(Aim of the exercise) Nothing should appear in the answer except the lines below from the line containing "2019 Topps Chrome" through the line containing "Dremica Landing page", copied exactly, with pictures left out.
***** Information shown
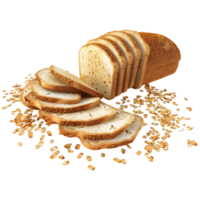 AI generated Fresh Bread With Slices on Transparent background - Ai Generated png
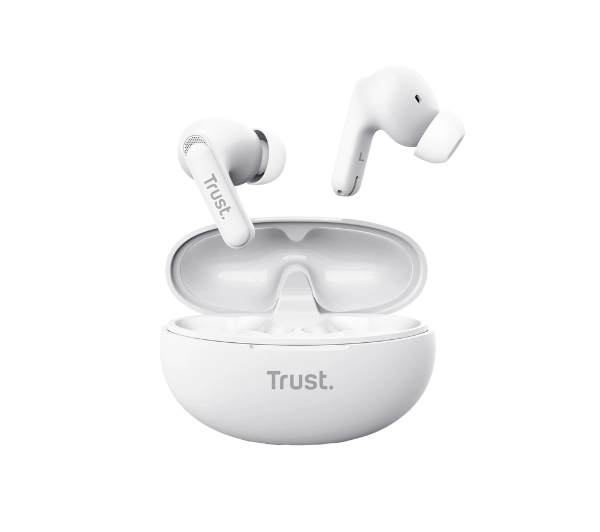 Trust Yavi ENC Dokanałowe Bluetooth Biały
**********
***** Information shown
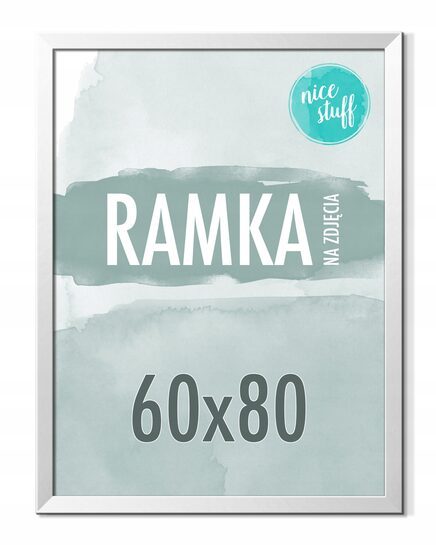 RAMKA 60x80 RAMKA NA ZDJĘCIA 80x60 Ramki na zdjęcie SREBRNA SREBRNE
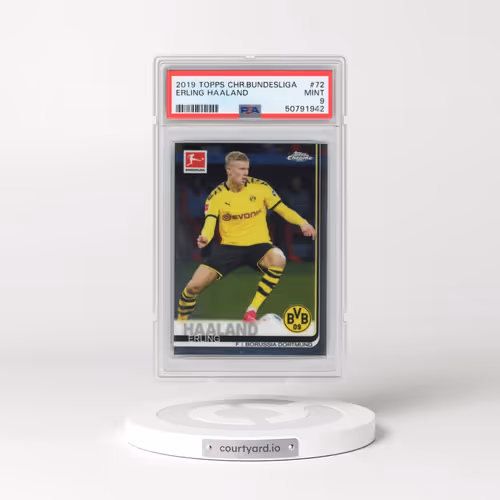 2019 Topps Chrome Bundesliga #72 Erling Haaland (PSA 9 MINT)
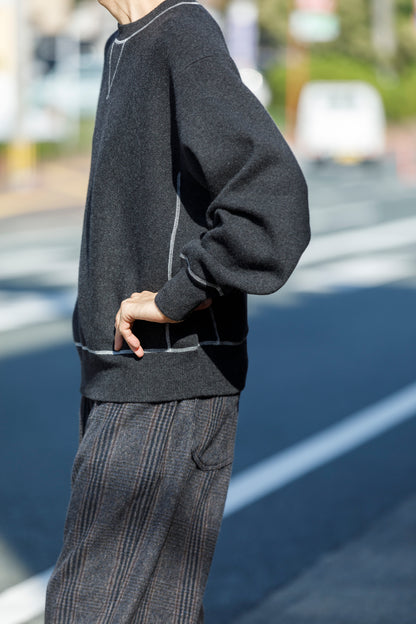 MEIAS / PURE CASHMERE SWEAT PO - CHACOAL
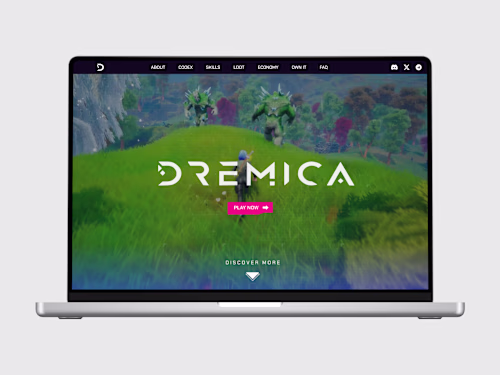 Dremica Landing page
**********
(Answer to this problem)
 2019 Topps Chrome Bundesliga #72 Erling Haaland (PSA 9 MINT)
 MEIAS / PURE CASHMERE SWEAT PO - CHACOAL
 Dremica Landing page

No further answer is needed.